Lazio's campaign manager, Kevin Fullington, circulated a "MUST READ MEMO" Friday asserting that Lazio "has much more than 50 percent of the weighted vote solidly committed and Steve Levy will not make it into a Republican primary."
Lazio cites an Albany Times Union survey last week that found that he had the support of 27 county chairmen representing 51 percent of the weighted party vote.
But Levy dismissed that estimate as out of date in an interview with reporters Monday. He said his campaign will be rolling out several endorsements this week, some of them significant. Levy reiterated his own estimates of securing about 45 percent of the weighted vote, including portions of county organizations whose chairmen have publicly favored Lazio or Buffalo-area businessman Carl Paladino.
Paula Snyder, Cattaraugus County's chairwoman, came out for Levy Monday, adding a little less than 1 percent of the vote to his column. Lazio picked up support from Greene County.
In Owego Sunday, Levy and other GOP candidates met with leaders of a cluster of seven Binghamton-area counties where Lazio has been endorsed by five.
Tioga County chairman Don Leonard, who hosted the meeting, is sticking with the endorsement he gave Lazio before Levy declared and he believes most of his area chairs prefer the former Brightwaters congressman.
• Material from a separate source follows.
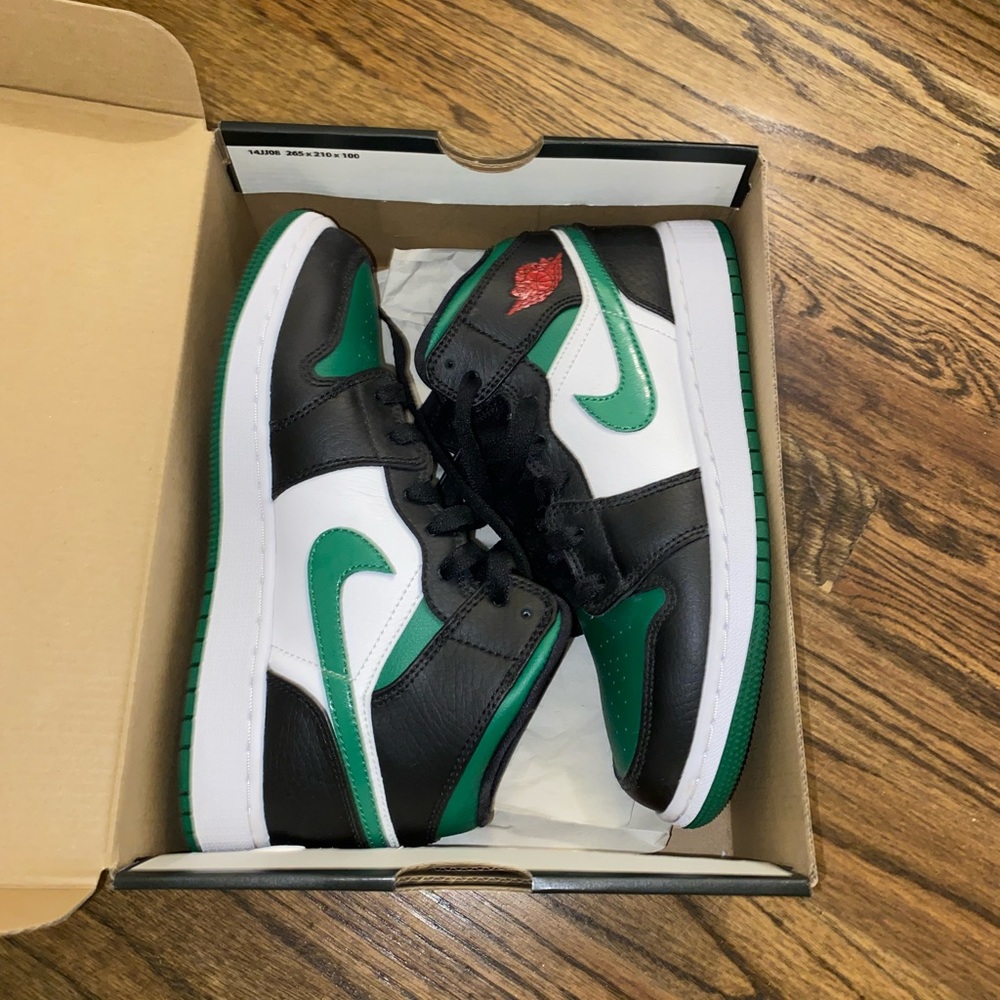 🔴SOLD🔴 Air Jordan 1 Mid pine green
He and another regional vice chairman, Ed Morgan, say a primary would be just a drain on scant campaign resources.
But Levy has clearly gained traction with other party officials in this scenic but struggling region, where the Lockheed Martin plant just lost a contract to build the presidential helicopter, costing 1,500 jobs.
"The mood around Tompkins County is we're not worried about a primary," said Dryden town party chairman Jim Crawford, who likes Levy. A primary is exciting, he said, because "the ideas are so important this year because we need to get the people's attention."
Cox suggested that party delegates to the state convention in June could vote to put Levy on the primary ballot without having to vote to make him the party's nominee. "Those are two separate votes," Cox said.